In fact, the lack of clarity in the regulations is apparent in that the
term “cumulative number of dogs” used throughout the statute for licensing requirements is
left undefined and is variously interpreted and understood within the
Commonwealth. As discussed above, this
should be defined and clarified.
The following sections comment on the specific provisions
of the proposed regulations and issues arising from the standards and language
used in the proposals.
COMMENTS BY
SECTION OF THE PROPOSED REGULATIONS
7 P.A. Code
§ 21.1 Definitions. The
department states that definitions were added or revised to provide
clarification and that the “necessity for clarification is based on issues,
comments and questions which have arisen with regard to the Department's
interpretation of various provisions of the act and the current regulations
over the past several years.”
The
Department’s interpretation of the act is given great weight in defining the
applicability of the regulations. However,
in this case the new definitions appear to grant powers to the Department that
are not within the scope of the act or to broaden powers beyond that permitted
by the act.
The
expansion of the plain meaning of establishment also applies to the language in
the proposed regulations that implicitly includes breed and other rescue
organizations within the definition (“It may be public or private and includes an
individual, person, organization, business or operation, which utilizes offsite
or temporary homes to keep, maintain, breed, train, harbor, board, shelter,
sell, give away, adopt, exchange, or in any way transfer dogs.” Proposed Regulations § 21.1). The language referring to giving away or
adopting animals tracks the section of the statute which describes the classes
of kennel licenses (3 P.S. § 359-206(a)), but
is not in the definition of the term kennel.
The
terms “kennel” and “establishment” are used throughout the proposed regulations
in a manner that changes the meaning as presented in the statute and confuses
the distinction between the terms. There is a fundamental lack of clarity between the
use of the term kennel in the statute and the term establishment as used in the
proposed regulations.
There is no doubt that the
Department must be able to evaluate and inspect dogs throughout the
Commonwealth to ascertain the conditions under which they live and the care and
treatment they are given. However, the
statutory language “wherein dogs are kept” implies a physical structure created
for the purposes listed. By including
temporary homes (“A place, other than a
licensed kennel or veterinary office, including a personal home, land,
property, premises or housing facility or any combination thereof where an
individual, person, owner or keeper, keeps, maintains, breeds, harbors, boards
or shelters dogs on behalf of another person, organization, business or
operation for the purpose of later selling, giving away, adopting, exchanging
or transferring the dogs.” Proposed
regulations § 21.1), the regulation takes a group of people with a common
purpose and treats their private residences as part of an establishment and, by
extension, makes them into a kennel.
The phrase “or other
similar purpose” as used in the definition of kennel makes unclear whether the
homes, or portions thereof, fall within the definition of kennel since the
homes are now part of an
establishment. The regulations need to
interpret and clarify the “so constructed” language in the statute, or the
language needs to be clarified by the legislature, so that it is clear that
homes are not held to the all the construction standards of a “kennel,” despite
possibly keeping dogs for the purposes listed in the statute. A
family whose dogs are in their home and who have one or two females of a breed
that has large litters, may be required to have a kennel license, but not have
or need a kennel.
The
concern is that private homes will be required to meet all kennel
standards. Private homes are not
constructed for the purposes listed and, therefore, should not fall with the
definition of kennel with respect to adhering to the full range of kennel
regulations. To require that a person’s
home have impermeable floors, walls and ceilings, to have drains in the floors,
and to remove carpeting because it may harbor contaminants, is ludicrous on its
face.
This
appears more to be an attempt to remove pets from people’s houses than to
improve the health and safety of the dogs.

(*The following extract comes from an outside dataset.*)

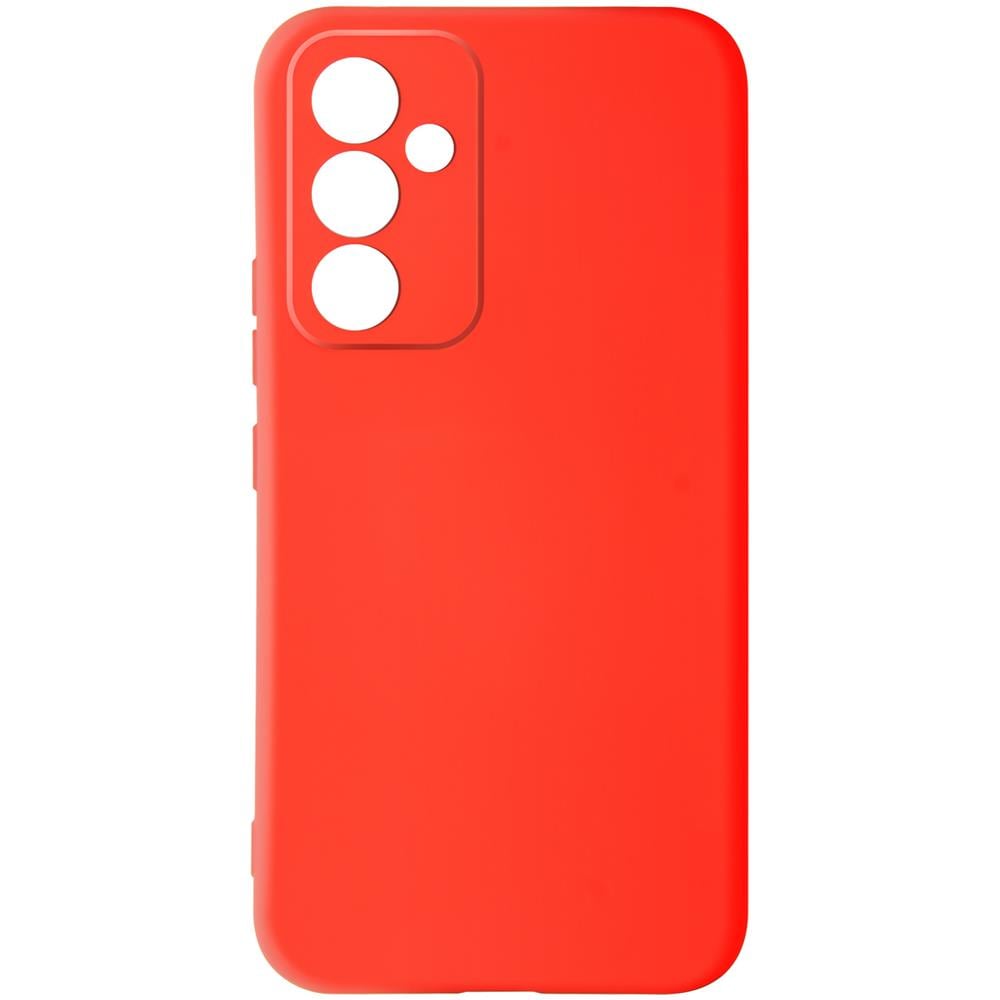 Cover Per Samsung A34 5g Semirigida Finitura Soft-touch Serie Fast Cover Rossa - Foto 1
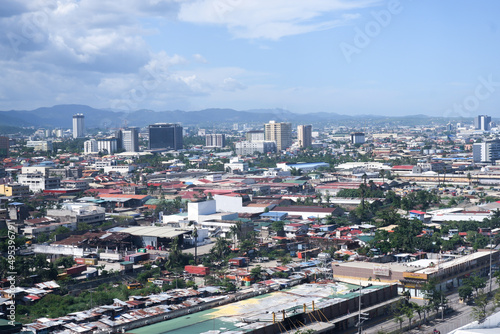 Cebu City Urban Skyline (High Angle View) - Cebu City, Philippines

By clarifying the exemption of this type of housing from the full scope
of the regulations, you would allay the concerns of many owners of small,
private kennels that they will be required to adapt their houses to meet the
kennel regulations.
Individuals
who keep their dogs in their homes for their own purposes should clearly be
exempt from having to rebuild their homes to kennel standards. Those whose
homes are temporary refuges for rescue under affiliation with national or local
breed organizations and are established as non-profit organizations under the tax
code also should not be made to turn their abodes into full fledged kennels,
although they should be tracked and licensed.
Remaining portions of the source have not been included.